Gelegentlich ist das die Bibel oder auch die darin beschriebenen Charaktere. Vor einigen Tagen hatte ich bspw. einen sehr motivierenden Text von Max Lucado zu 1. Timotheus 6:7+8 neben dem Frühstücksteller liegen. Die beiden Verse aus Timotheus:

Wir haben nichts in die Welt mitgebracht, und wir können nichts aus ihr mitnehmen. Wenn wir Nahrung und Kleidung haben, soll uns das genügen.

Lucado nimmt starken Bezug auf das letzte Wort: ‚genügen‘. Was lassen wir uns schon in diesem Leben genügen? Wir bekommen nie genug. Die Frage warum die Genügsamkeit eine so schwierige Tugend ist beantwortet er wie folgt. Weil es nichts auf dieser Welt gibt, was unser tiefstes Verlangen stillen könnte. Wir sehen uns danach, Gott zu schauen.
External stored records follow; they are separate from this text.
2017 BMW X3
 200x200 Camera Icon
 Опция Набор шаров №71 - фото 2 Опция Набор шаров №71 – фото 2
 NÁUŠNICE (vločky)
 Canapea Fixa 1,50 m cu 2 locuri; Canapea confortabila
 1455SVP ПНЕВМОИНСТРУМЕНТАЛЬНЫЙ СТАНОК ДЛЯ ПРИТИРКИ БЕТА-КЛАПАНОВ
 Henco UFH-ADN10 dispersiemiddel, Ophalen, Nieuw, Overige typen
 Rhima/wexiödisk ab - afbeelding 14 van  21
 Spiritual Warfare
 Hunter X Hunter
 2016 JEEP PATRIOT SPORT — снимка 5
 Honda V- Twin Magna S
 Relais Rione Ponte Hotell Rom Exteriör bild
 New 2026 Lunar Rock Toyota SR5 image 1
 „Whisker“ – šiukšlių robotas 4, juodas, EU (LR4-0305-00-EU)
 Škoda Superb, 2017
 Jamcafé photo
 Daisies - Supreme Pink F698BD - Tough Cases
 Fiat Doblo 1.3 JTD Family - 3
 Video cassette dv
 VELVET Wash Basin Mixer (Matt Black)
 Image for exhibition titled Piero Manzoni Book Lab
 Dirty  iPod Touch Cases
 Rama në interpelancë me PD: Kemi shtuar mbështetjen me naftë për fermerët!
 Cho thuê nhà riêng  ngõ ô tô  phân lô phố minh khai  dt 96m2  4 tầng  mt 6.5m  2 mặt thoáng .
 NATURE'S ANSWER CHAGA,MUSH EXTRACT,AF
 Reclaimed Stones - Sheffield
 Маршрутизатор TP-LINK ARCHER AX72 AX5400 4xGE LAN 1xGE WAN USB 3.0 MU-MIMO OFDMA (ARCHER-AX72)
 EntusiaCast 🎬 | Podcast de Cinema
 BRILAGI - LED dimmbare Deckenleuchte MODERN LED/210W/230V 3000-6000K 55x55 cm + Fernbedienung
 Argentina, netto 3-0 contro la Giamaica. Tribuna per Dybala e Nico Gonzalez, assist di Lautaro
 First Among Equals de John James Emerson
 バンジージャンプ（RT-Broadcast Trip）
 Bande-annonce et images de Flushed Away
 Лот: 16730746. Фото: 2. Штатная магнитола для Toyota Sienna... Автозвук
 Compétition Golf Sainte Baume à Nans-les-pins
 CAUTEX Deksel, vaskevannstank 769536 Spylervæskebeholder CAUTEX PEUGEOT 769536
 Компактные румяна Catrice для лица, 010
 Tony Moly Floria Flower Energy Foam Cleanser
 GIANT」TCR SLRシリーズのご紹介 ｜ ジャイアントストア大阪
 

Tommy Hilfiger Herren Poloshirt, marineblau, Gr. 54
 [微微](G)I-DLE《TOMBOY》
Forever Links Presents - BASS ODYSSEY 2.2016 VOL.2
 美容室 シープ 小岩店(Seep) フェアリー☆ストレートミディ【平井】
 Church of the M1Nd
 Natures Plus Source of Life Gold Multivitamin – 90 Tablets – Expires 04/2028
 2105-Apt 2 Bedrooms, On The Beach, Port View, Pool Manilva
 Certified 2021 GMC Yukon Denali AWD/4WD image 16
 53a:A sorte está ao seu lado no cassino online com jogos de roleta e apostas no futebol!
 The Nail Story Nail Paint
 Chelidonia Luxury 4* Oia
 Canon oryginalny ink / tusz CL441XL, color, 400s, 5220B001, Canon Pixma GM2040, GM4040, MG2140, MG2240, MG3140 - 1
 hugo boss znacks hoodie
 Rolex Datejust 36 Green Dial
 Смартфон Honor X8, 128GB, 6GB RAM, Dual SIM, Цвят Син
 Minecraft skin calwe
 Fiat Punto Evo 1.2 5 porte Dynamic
Erst dann werden wir zufrieden sein.

Aber mir persönlich ist auch der erste Vers ans Herz gewachsen: Mit nichts (Materiellem) komme ich auf diese Welt, mit nichts (Materiellem) werde ich wieder von ihr gehen. Mir bestätigt es einfach, je weniger Materielles ich zwischen diese beiden Stationen stelle, umso weitreichender ist mein Blick für die wesentlichen Dinge des Lebens.

Was denkt ihr über Lucados Ansätze und was sind eure Motivatoren reduzierter zu leben?